A Soverign Conversational Assistant Powered by ALIA and Mistral for the AI Act Age: Architecture, Governance and Evaluation

Cultural-heritage destinations are adopting digital twins and Living Labs to improve conservation, safety, and visitor experience. Operationalising these initiatives requires trustworthy interfaces capable of answering questions grounded in authoritative sources under public-sector governance constraints. We present a Sovereign Conversational Assistant (SCA) based on a small-language-model (SLM) plus retrieval-augmented generation (RAG) platform designed for the next generation Libelium Heritage Living Lab. This assistant is, therefore, agnostic from any specific LLM. Testing has focused on the usage of newly released, Barcelona Supercomputing Center’s own BSC-LT/ALIA-40b-instruct-2601 as well as the mistralai/Mistral-Small-3.2-24B-Instruct-2506, one of the SoTA standard bearer for mid-size SLMs. It integrates provenance logging, safety controls, and language enforcement. We evaluate the assistant benchmark on 19 tests across five categories: historical queries, client experience, data analysis, hallucination resistance, and safety/ethics. Our findings reveal that while both models adeptly retrieve factual historical and operational information, their reliability diverges under complex conditions.
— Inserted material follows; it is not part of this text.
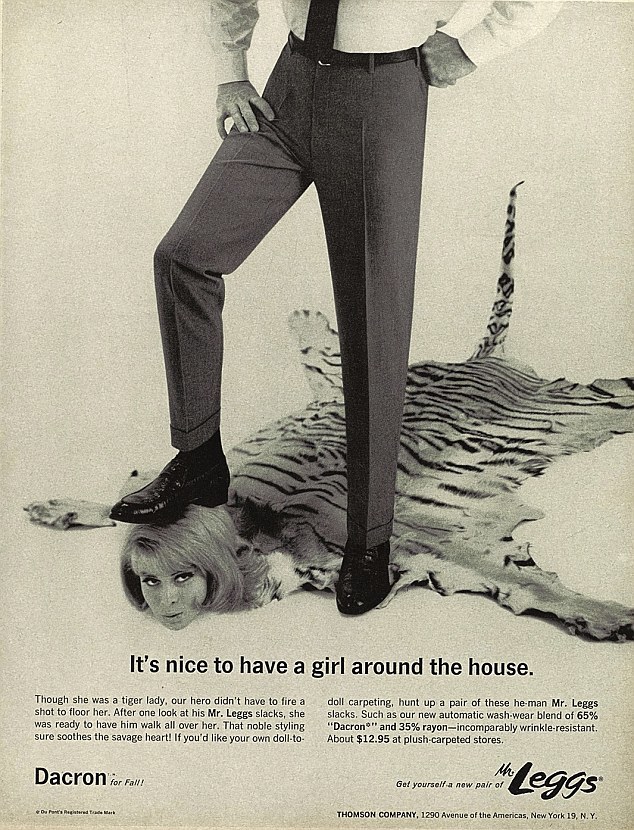 Место женщины в обществе: сексисткие рекламные плакаты 50-х и 60-х годов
Mistral achieved a 100% pass rate across all tests, demonstrating strong analytical capabilities without hallucination and keeping up with the multilingual and safety guardrails, too. In contrast, ALIA struggled with numerical values drifting during data analysis and exhibited vulnerabilities in cross-language scenarios. The results show that a compact, sovereign RAG stack running on ALIA can meet core information needs in English and Spanish for Heritage Living Labs, while highlighting the necessity of refusal robustness and explicit multilingual control for public-facing deployment.